The welding rod, or wire, is available in various thicknesses to suit different applications. Common sizes include:

  • 0.024 inches
  • 0.030 inches
  • 0.035 inches
  • 0.045 inches

The 0.030-inch wire is used for material up to 1/8-inch thick. However, if you’re working with 24 gauge (0.025-inch) or thinner material, you may want to use 0.024-inch wire. 

A 0.035-inch wire is recommended for material measuring between 1/8-inch and ¼-inch thick. A 0.045-inch wire is recommended for material measuring ¼-inch or thicker. 

You also need to decide between the solid wire and the flux-cored wire. Solid wire is often recommended when working with thinner metals. Flux-cored wire produces more splatter.

Yet, flux-cored wire is also useful for certain situations, such as welding outdoors. The flux-cored wire doesn’t require shielding gas to protect against oxygenation.

The flux-cored wire can also help you create a perfect weld on rusted workpieces. The flux can deal with rust and impurities better. 

How to Prepare the Metal for MIG Welding

Remove any oil or grease from the material that you want to weld. Contaminants can impact the quality of the weld.

Use a rag and a degreaser to eliminate grease. Use a sanding disk or abrasive cleaner to remove any paint, rust, or scale from the metal. 

Rinse the metal to remove residue from the previous cleaning steps. Finish with an alcohol rinse. Alcohol removes any remaining debris and evaporates quickly.

You need to secure the metal after cleaning it. Use clamps, magnets, or pins to secure the two pieces you want to fuse. 

How to Position the Welding Gun

After preparing the metal, turn on the welding machine and position the welding gun. The gun should typically sit at a slight angle away from the direction you work.

If you’re right-handed, you’ll likely move from right to left. This gives you a better view of the weld pool. The gun should be angled about 15 degrees to the right. If you’re left-handed, angle it about 15 degrees to the left. 

If you’re creating a butt joint, work from a 90-degree angle. The welding gun should be perpendicular to the joint. If the joint includes a 90-degree bend, position the welding gun at a 45-degree angle. 

How to Evaluate Your Weld Quality

You can evaluate the quality of the weld by looking at the consistency of the bead. A high-quality weld should have a smooth seam with a flat bead penetrating the base material.

Setting the voltage or wire feed speed incorrectly can limit the quality of your weld. 

If the voltage is too high, the bead flattens, resulting in less penetration.
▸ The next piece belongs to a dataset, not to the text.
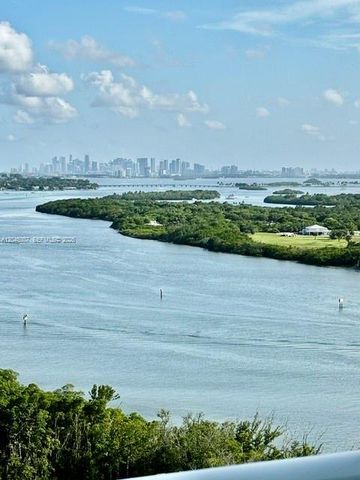 100 Bayview Drive 2124, Sunny Isles Beach, FL 33160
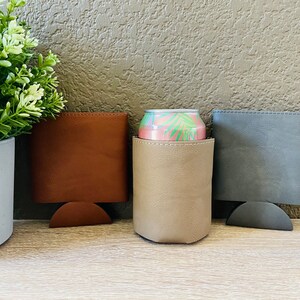 Glacière en cuir personnalisée | Refroidisseurs de boissons en cuir personnalisés | Porte-boissons | Porte-gobelet en cuir | Boissons Froides | Porte-bière |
If the voltage is too low, you may notice a spatter and a convex profile on the bead. 

A fast wire feed speed limits penetration and creates less consistency. A slow wire feed speed also limits penetration and causes burn-through.

Burn-through occurs when you completely burn through the base material, resulting in an open hole. These holes limit the strength of the joint and the base material. 

mig welding

Conclusion

Using a MIG welder isn’t the most complex task. You first need to prepare the metal that you plan to weld. Clean the metal and secure it in place.

Select the right filler wire based on the thickness of the materials that you’re working with. A 0.030-inch wire is the most common choice. The material and wire help you select the MIG welder’s amperage, voltage, and wire feed speed. 

If you’re new to welding, test a small area of the metal you want to weld before attempting to create long, straight passes. Evaluate the quality of your weld and adjust the MIG welder settings accordingly.